Only few regulations can compete with General Data Protection Regulation (GDPR) in such a negative notoriety and also in an extent of the liable persons. Furthermore the general belief is that the requirements of GDPR are bureaucratic, illogical and meaningless but however have to be followed at least at the declaratory level.

Experts who dealt with a data protection even before the era of GDPR know that the legal rights and obligations of individuals, data processors and controllers are not regulated any differently with GDPR than they were before. A broader view on the area shows that the legislative provisions get the right meaning and data operators can see their obligations by the GDPR even as their competitive advantages. This can be a good chance to build a more solid and permanent business relation with a client that is also trustworthy. In the digital era we live in nowadays, we are oftenly forced to do things faster, more often and cheaper … but do we also do them legitimately?

The liability to legally process personal data has always been controller’s. GDPR just explicitly emphasized that but also imposed some new obligations. These are depended on the extent of the data processing, the type of personal data and the purposes of processing.

According to GDPR the controller is obliged to:

  • Inform the data subject of the information about the processing of the personal data.

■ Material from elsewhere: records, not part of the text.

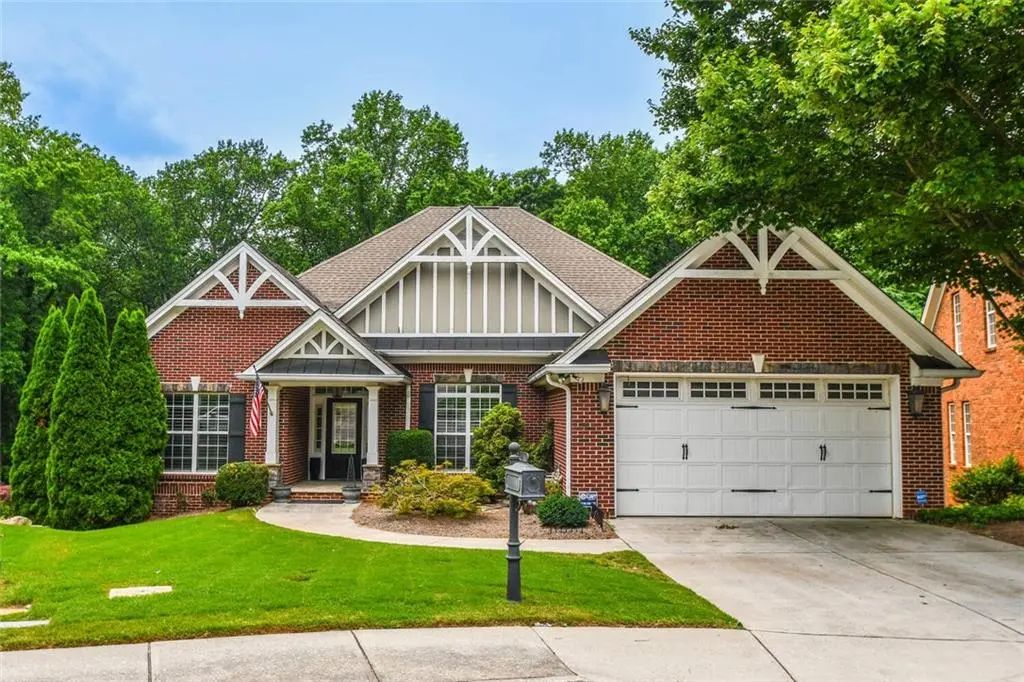 1173 Saint Charles Place, Gainesville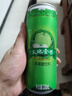 天地壹号苹果醋饮料330ml*24整箱气泡绵密爽口提神 年货礼盒 多喝醋有好处 实拍图
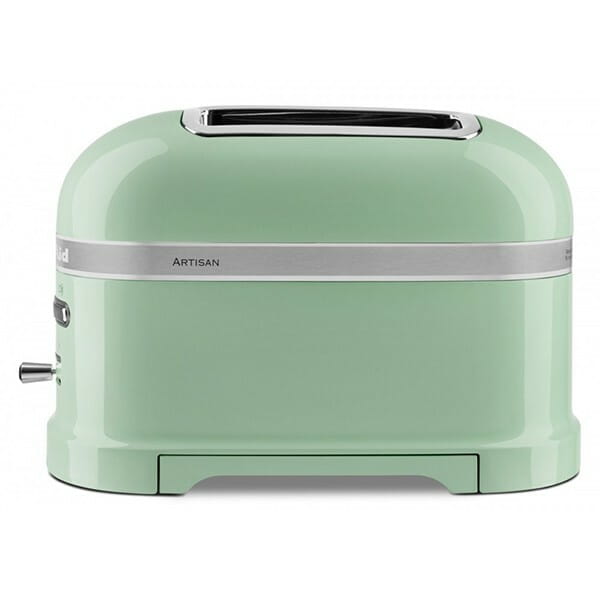 Тостер KitchenAid Artisan 5KMT2204EPT Pistachio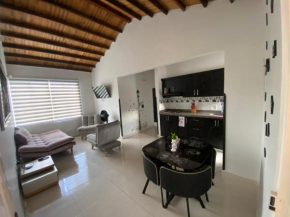 Apartamento de descanso por San Gil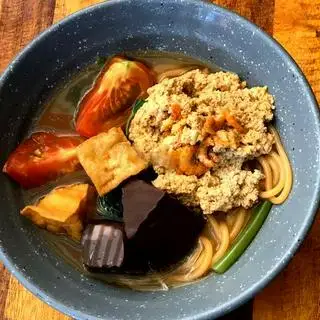 Canh bún cua huyết - 39.000 ₫ tại Phượng 22F - Bún Riêu Và Canh Bún Bạch Tuộc - Nguyễn Thị Tần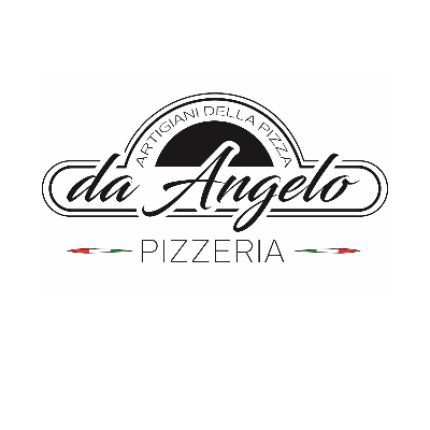 Λογότυπο από Pizzeria da Angelo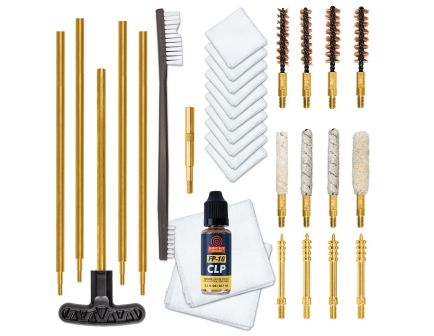 Otis Cleaning Kit - Premium Firearm Maintenance Essentials - FGSRSMCR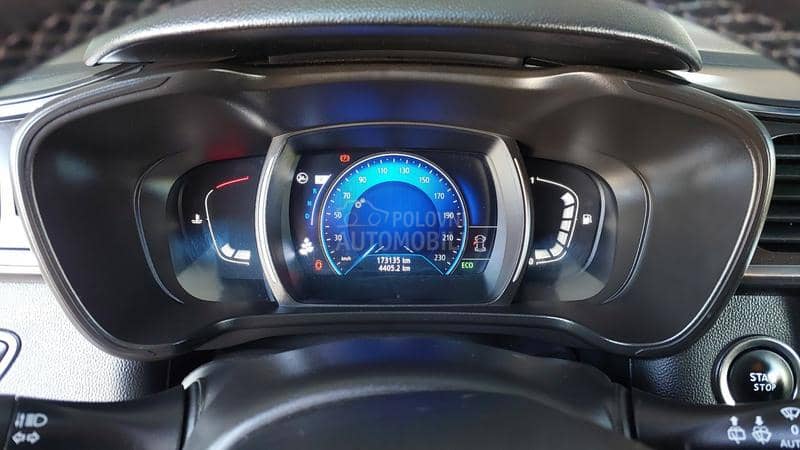 Renault Kadjar 1.5 dci AUT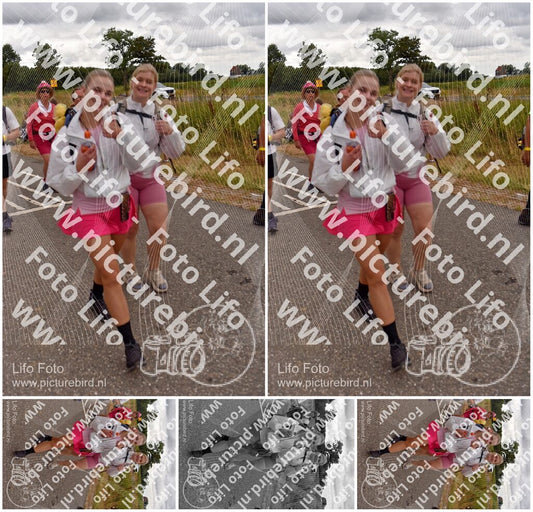 Evenement foto: Nijmeegse Vierdaagse 759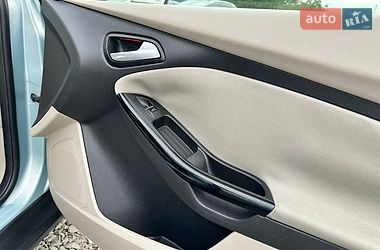 Хэтчбек Ford Focus 2012 в Луцке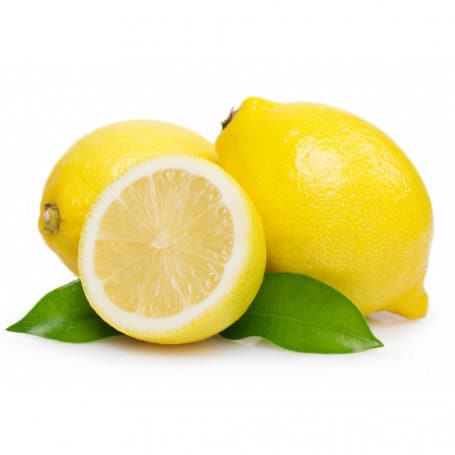 bienfaits du citron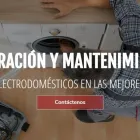La imagen 4 de la Empresa REPARACIONES JAVIER URIBE Servicio de reparación de electrodomésticos en Floridablanca SAN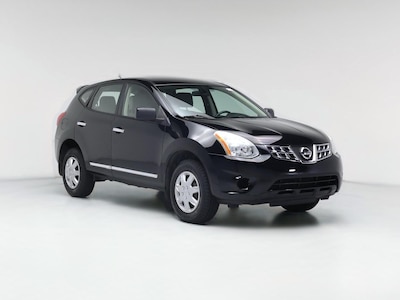 2013 Nissan Rogue S -
                Memphis, TN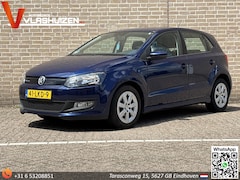 Volkswagen Polo - 1.2 TDI BlueMotion Comfortline | 5 Deurs | Airco | Cruise
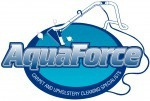 AquaForce logo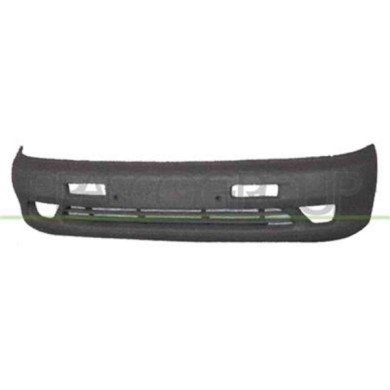 ME9071011_1.JPG Paraurti Anteriore Con Primer Per Mercedes Vito (w638) Dal 1995 Al 2003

Such as privacy policies, information to the data subject,
  • a record-keeping of the processing,
  • accept an internal rule about the personal data protection,
  • provide the right personal data protection in the workplace,
  • answer individual’s claims (adopt a decision about legal rights).

According to specific situations, the nature, extent and purposes of personal data processing the controller is also obliged to: answer individual’s claims (adopt a decision about legal rights).

  • carry out LIA – a legal interest assessment when the legal ground for processing is a legal interest and CONSENT STATEMENTS when the legal ground for processing is a consent,
  • carry out DPIA – a data protection impact assessment when he assesses that the intended processing may be a great risk for individual’s legal rights and fundamental freedoms,
  • report about a personal data breach (also to a data subject),
  • designate a data protection officer.

Although the role of the personal data processors is not new, some obligations were added by GDPR.

The processors are obliged to:

  • a record-keeping of the processing,
  • accept an internal rule about the personal data protection,
  • help the controller answer individual’s claims,
  • help the controller carry out DPIA,
  • help the controller to detect and report about a personal data breach,
  • appoint a data protection officer,
  • get a controller’s consent to engage a subordinate processor and conclude a contract with him.

Informed and empowered individuals who know and enforce their legal rights are the major guarantors of a compliance with data protection regulations.

GDPR gives an individual the right to:

  • be informed and to access personal data,
  • a rectification and an erasure in terms of the »right to be forgotten«,
  • a restriction of processing,
  • a data portability,
  • object to processing personal data and automated individual decision-making, including profiling based on those provisions.

Every individual’s request is an opportunity for the controller to check the compliance of his acts with legislation. And also a chance to provide his services in this area.